Vilages de l'islam
Collection dirigée par Alberto F. Ambrosio
Atypique, Ibn 'Arabi certes le fut. Ce héros de roman bouscule les lois du genre : en fouiller la psychologie, couleur locale incluse, c'est manquer le mouvement perpétuel d'un coeur qui embrasse le Tout et se fait voyant. Cet esprit infatigable, mû par tous les talents, vers et prose confondus, qui précède de trois bons siècles la Renaissance (Murcie, Andalousie, 1165 - Damas, 1240) déconcerte le biographe, avec ses semelles de vent et son Livre sacré à la main.
Ce défi, un auteur turc de notre temps, le relève. Sadik Yalsizuçanlar, bannissant l'érudition, choisit de dérouler, mêlant la première et la troisième personnes, ce fil entêté de la recherche du Vrai, de la rencontre avec Averroès à Cordoue - l'ami de la famille - à l'appel de l'immensité d'un monde arabe quasi infini, sans oublier la formation acquise auprès d'une mère spirituelle fort importante.

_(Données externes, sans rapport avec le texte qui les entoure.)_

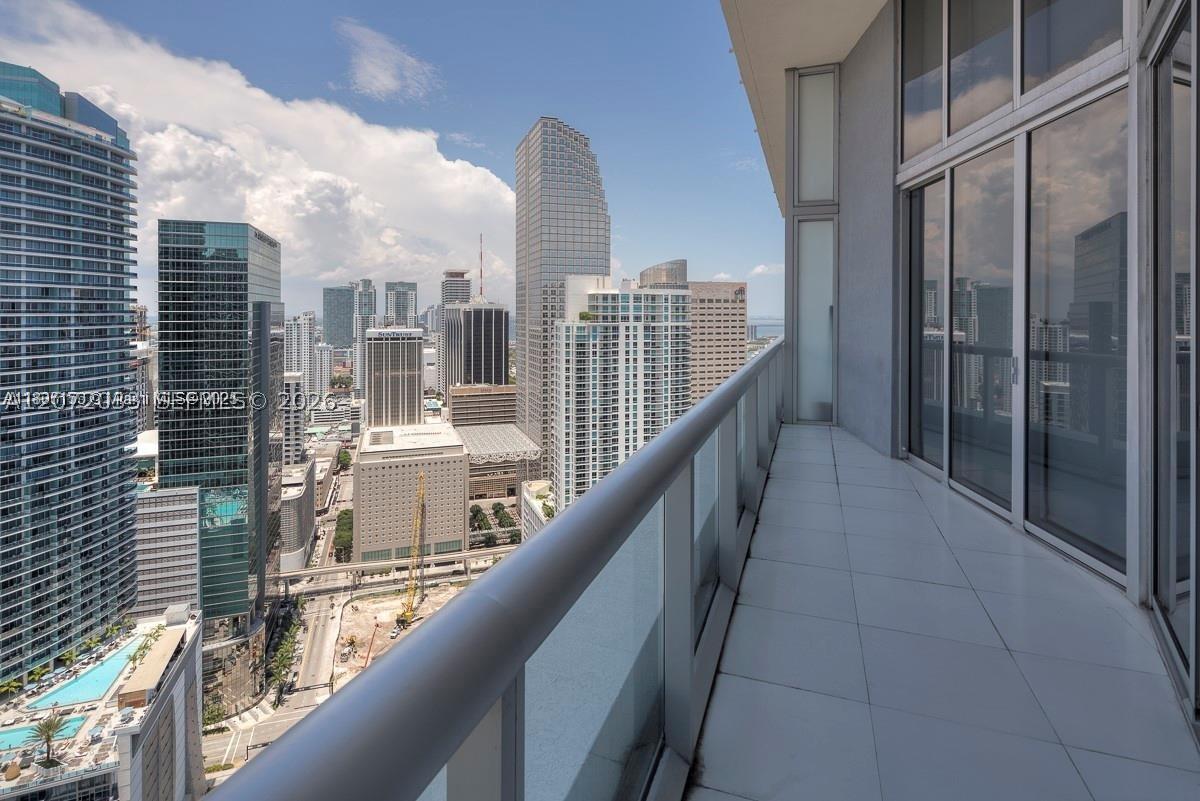 465 Brickell Ave #4104, Miami FL 33131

Cette Méditerranée jadis vouée à Ulysse reste le lieu des nostalgies, mais le soufi les transfigure, grâce à cette présence-absence que l'islam caractérise si bien comme un entre-deux, assumant ici-bas formes et signes et, de façon « imaginaire », la sainteté (lui-même est dit « Sceau de la sainteté »). La poétique du déchiffrage du monde (huit cent cinquante ouvrages sont à son actif) cohabite constamment avec la pratique d'une ascension systématique.

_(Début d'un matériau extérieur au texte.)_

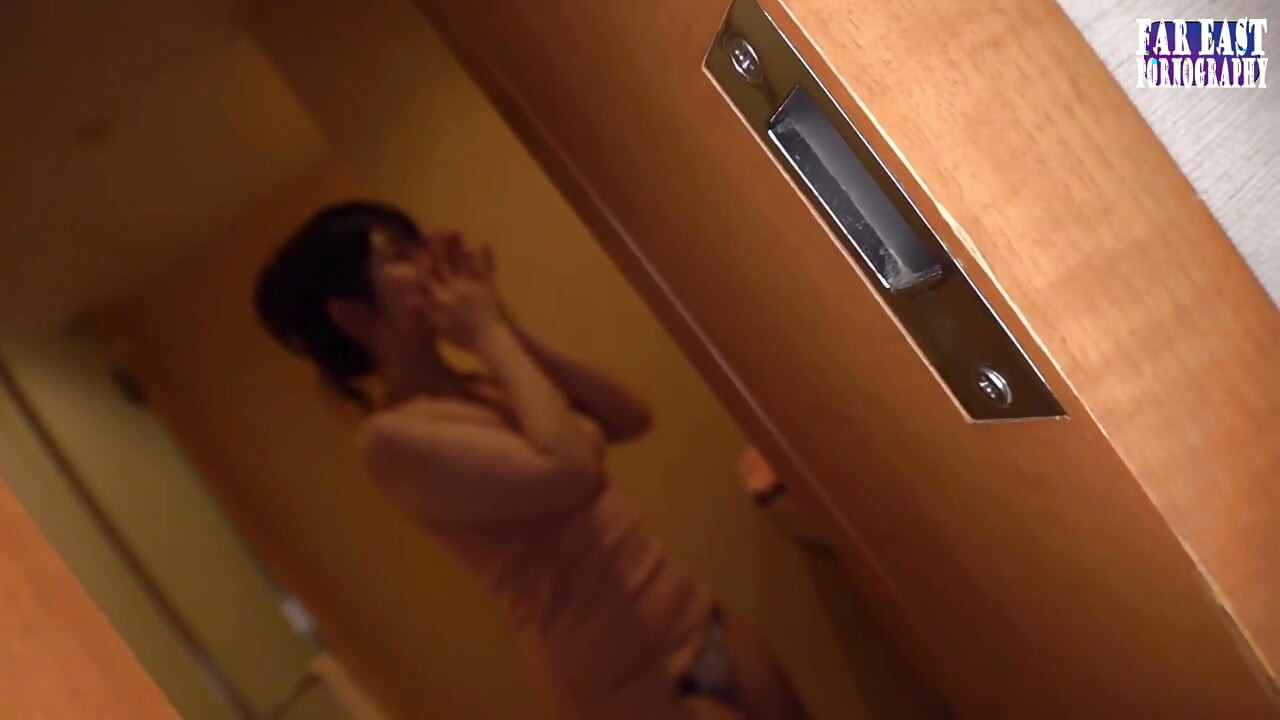 Cewek sange ini lagi asik jalan-jalan sambil ciuman sperma sampai ludes.3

Ces Itinéraires disent les aventures de l'esprit s'échappant de la matière. La lettre, le mot y sont les instruments d'une autre cabale : la relation quasi directe de la créature et de Dieu est affaire de langage, d'amour, de contemplation - une seule et même chose. Dieu n'est pas nouménal, le phénomène en soi est Dieu même. La doctrine, tout compte fait - infinie puissance de la dialectique -, dit la présence absolue : ne serait-ce que parce qu'on peut être là et ailleurs, autrefois ou demain et maintenant, la philosophie de ce fils de Platon s'éclaire d'un jour nouveau, soudain très surprenante, et très vivifiante, pour notre rationalisme.